Strangely enough, it paid in many cases last year to overpay your CEO.
That’s one surprising conclusion from Glass Lewis’ latest report on executive pay. The proxy adviser rates the 25 most overpaid and underpaid chief executives at S&P 500 companies, based on changes in stock price, book value, operating cash flow, earnings, total shareholder return and the return on assets and equity. Glass Lewis repeated the exercise at the smaller companies in the Russell 3000 as well.
In general, Glass Lewis says, companies on the Underpaid 25 lists “substantially outperformed their Overpaid 25 counterparts, as well as paid their top executives far less in total compensation.”
The average S&P 500 company on the Underpaid 25 list, for instance, posted $1.26 billion in net income and showed 60% earnings per share growth.
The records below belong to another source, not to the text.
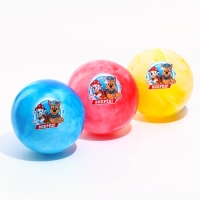 Мяч детский Paw Patrol &laquo;Вперед&raquo;, 16 см, 50 г, мрамор, МИКС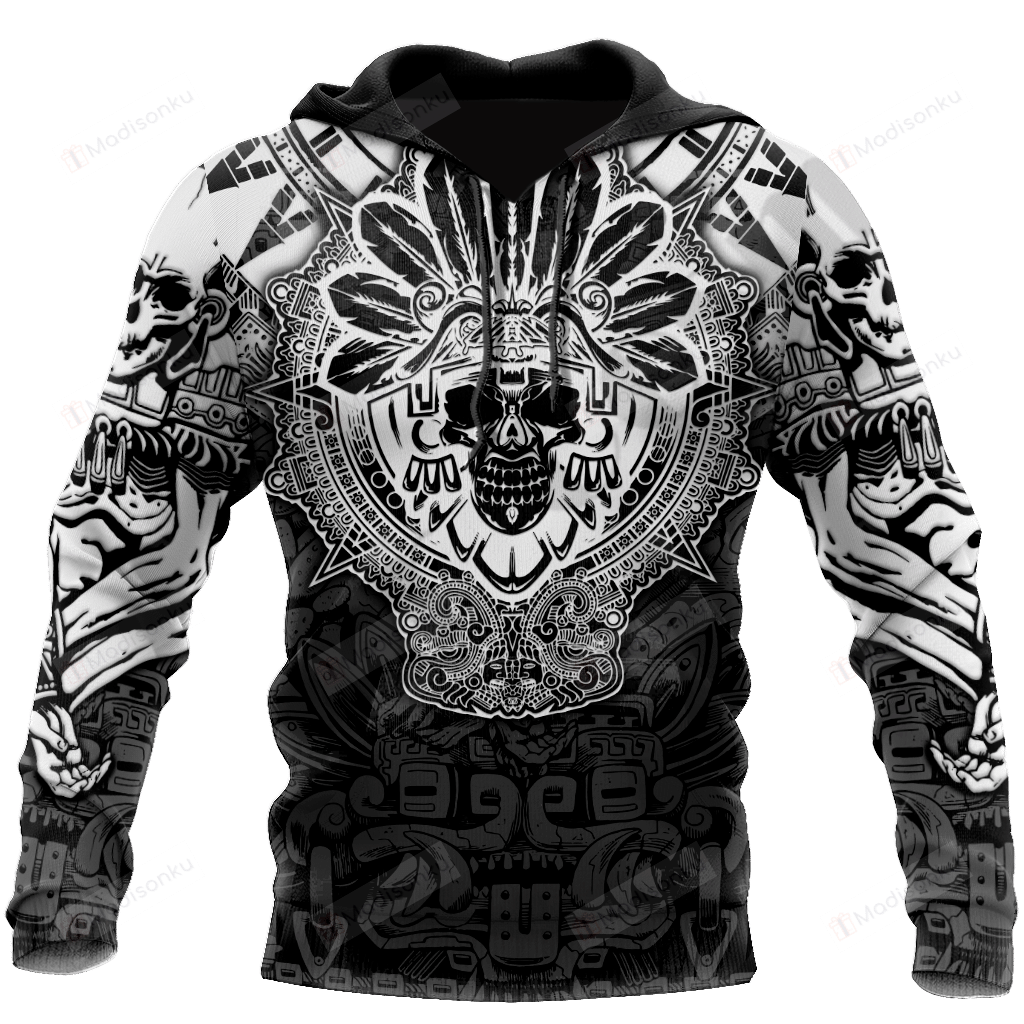 Tattoo Skull Gothic Art 3D All Over Print Hoodie, Zip-up Hoodie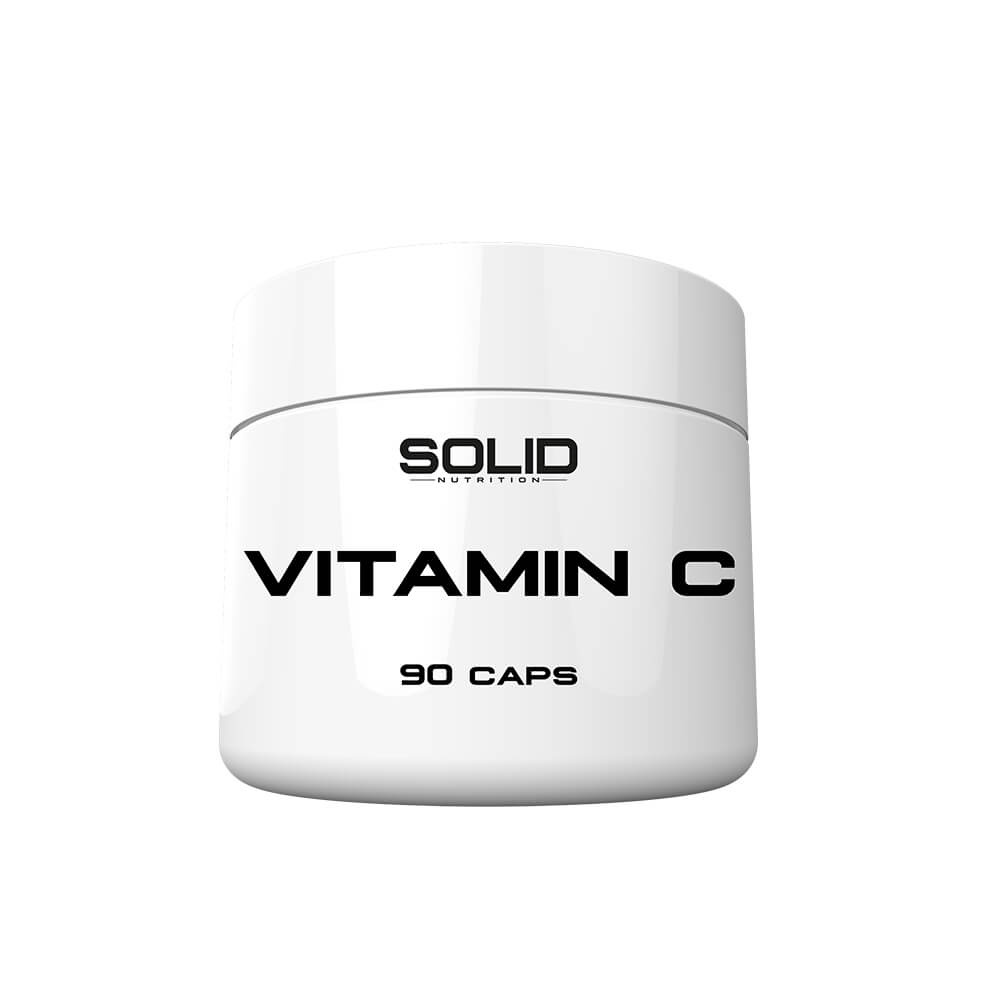 SOLID Nutrition Vitamin C, 90 caps i gruppen Kosttilskud & Fdevarer / Sundhedskost / Antioxidanter hos Tillskottsbolaget (SOLID7643)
The average S&P 500 entrant to the Overpaid 25 list, by contrast, lost $373 million and posted an arithmetic-defying 101% decline in per-share earnings.
Meanwhile the median pay for the big but underpaid group, led by Amazon’s Jeff Bezos, Apple’s Steve Jobs and Goldman Sachs’ Lloyd Blankfein, was $3.4 million. That’s not exactly peanuts, but it’s less than a third of the $11.7 million comparable figure for overpaid big-company CEOs typified by Sprint’s Dan Hesse, who has made the list an impressive three years running.
Yet there is one area in which the overpaid CEOs clearly did better: The average S&P 500 company led by an overpaid CEO posted a 59% stock gain last year, compared with a 54% gain for those led by an underpaid CEO.
Obviously, a five-point spread doesn’t make shareholders rich beyond their wildest dreams or excuse the boards that are merrily squandering scarce corporate resources. Glass Lewis says it produces the report in part to identify companies “whose compensation practices may expose shareholders to undue risk.”
Still, what’s going on here? You could argue the surprise is an artifact of timing: the report covers fiscal 2009, in which stocks plunged early in the year before bottoming in March. They then took off in near vertical fashion, with the biggest gains concentrated among the riskier players — the so-called junk rally. It stands to reason that if you were going to average a $373 million loss, this might well have been the year to do it.
But the outperformance of S&P 500 fat cats wasn’t repeated by their overpaid compatriots in the small stock sample of the Glass Lewis report, the Russell 3000.
In that case, the median overpaid CEO drew $6.9 million in compensation — more than 11 times as much as the median underpaid chief. But companies led by underpaid CEOs, such as Daniel Baker of nanotechnologist NVE , posted an average stock gain of 143% — more than triple the gain of overpayers such as NCR , the automated teller machine company once headed by Mark Hurd and now piloted by former Cisco exec Bill Nuti.
So the mystery of the S&P 500 fat cat gap remains. Nuti, for his part, received* $7 million in 2009 — a year in which the company deserted its longtime home base of Dayton, Ohio, lost $33 million and saw its stock drop 21%. For one man, at least, NCR truly is a cash machine.
*Update Oct. 18: NCR takes issue with my original phrasing, “took home,” because Nuti didn’t take a lot of it home. Indeed, a spokesman says Nuti relinquished about half of the indicated $7 million as a result of the company’s failure to meet performance targets.
Fair enough. So Nuti ended up taking home a measly $3.4 million for a year in which the company and its shareholders both lost millions. That’ll teach him.